The design duo, both 29, go under the name of Proenza Schouler, coined from their mothers' maiden names. It might not trip easily off the tongue but it is the name in the news, especially because this is the first show under their new partnership with Valentino Fashion Group. Even if the two designers with an edgy, modern take on couture had not been hot since they founded their fledgling business five years ago, the current drama of Valentino's resignation has put them in the limelight.

"There are more expectations," said McCollough. "But a sense of relief business-wise."

After selling a 45 percent stake in the business for $3.7 million, the |Proenza Schouler duo are in a stronger position, no longer having "to scout for sponsorship - such a grueling process," as Hernandez puts it. But the designer also admits that the new investment brings them to a turning point of "being kids and now adults."


"We have to hang on to some sort of freedom," Hernandez said. "But we're growing up. Visually, how do you translate that idea into a narrative?"

Proenza Schouler has, from the start, represented sharp-edged contrasts: an uptown sensibility but with a raw energy and dense decoration contained in a taut silhouette. This season, the colonial soldiers are uniform and correct, but with savagery just around the corner.

"A wild animalistic quality," said McCollough, showing fabric that looks like tribal feathers but is in fact raw silk, its threads pulled and dyed with an animal print. Like a vest in a lush fabric that is turned inside out to show its cotton lining, or the feathers that captivate both designers treated to look like fur, these are clothes with a depth of texture within the firm outline.
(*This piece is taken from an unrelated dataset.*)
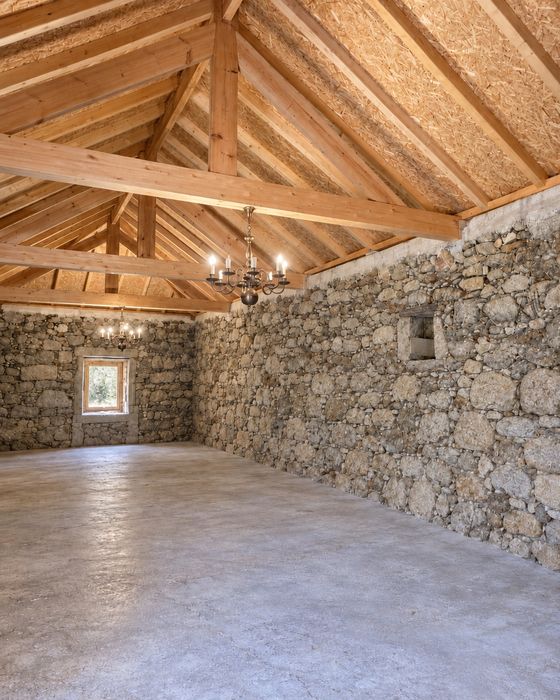 Brevemente disponível – Espaço rústico versátil para arrecadação / armazém de 30 m² a 90 m² em Serreleis, Viana do Castelo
"A lot of our aesthetic is based on the idea of contrasts," Hernandez said, emphasizing that their joint love of haute couture in its 1950s heyday comes through the prism of the recent era of grunge. "We're kids of the '90s," he said.

With their new backing, Proenza Schouler is the first house of its generation to be embraced by the fashion establishment. Their story is already legend: two friends at Parsons School of Design in New York who started working together; and a chance airport encounter with Anna Wintour, the editor of American Vogue, in which Hernandez, emboldened by his mother, gave Wintour a paper napkin on which he wrote in lipstick-red crayon of his fashion hopes and dreams. Wintour enabled an internship for Hernandez at Michael Kors and for McCollough at Marc Jacobs. They went on to win fashion awards in the United States and to have a smash hit last spring with a low-priced line for the mass-market retailer Target.

Apart from giving the name to the company, their mothers have played a key role.

"Every young boy who is interested in fashion - the first memory of clothes is your mother," Hernandez said. McCollough has just reignited his experience as a small boy living with his parents in Japan by going back to that country and merging memories of his mother's elegance and her Chanel No. 5 perfume with Japanese fishermen's work wear. The result is slender outfits with kimono sleeves in woven fabrics.

The two work together, both sketching. (McCollough works on computer paper and with a bolder hand than the more delicate details from Hernandez.) McCollough says that both are equally inspired by their fetish book of Christian Dior from 1947-1957, looking at the Irving Penn images of high fashion at the beginning of each season.

"Libraries are our thing," said McCollough, explaining that they are not into flea market vintage clothes. Although they like to escape to the country, where McCollough's dog is as huge as his partner's is tiny, the clothes, with their sensual built-in bras and beaded embroideries, look like part of a cityscape.

"Our sensibility leans more towards urban," Hernandez said. "But we like things that are aged and have a patina. Urban doesn't have to be slick. We are not catering to 'uptown' customers - we are not into definitions. We want to avoid being pigeonholed."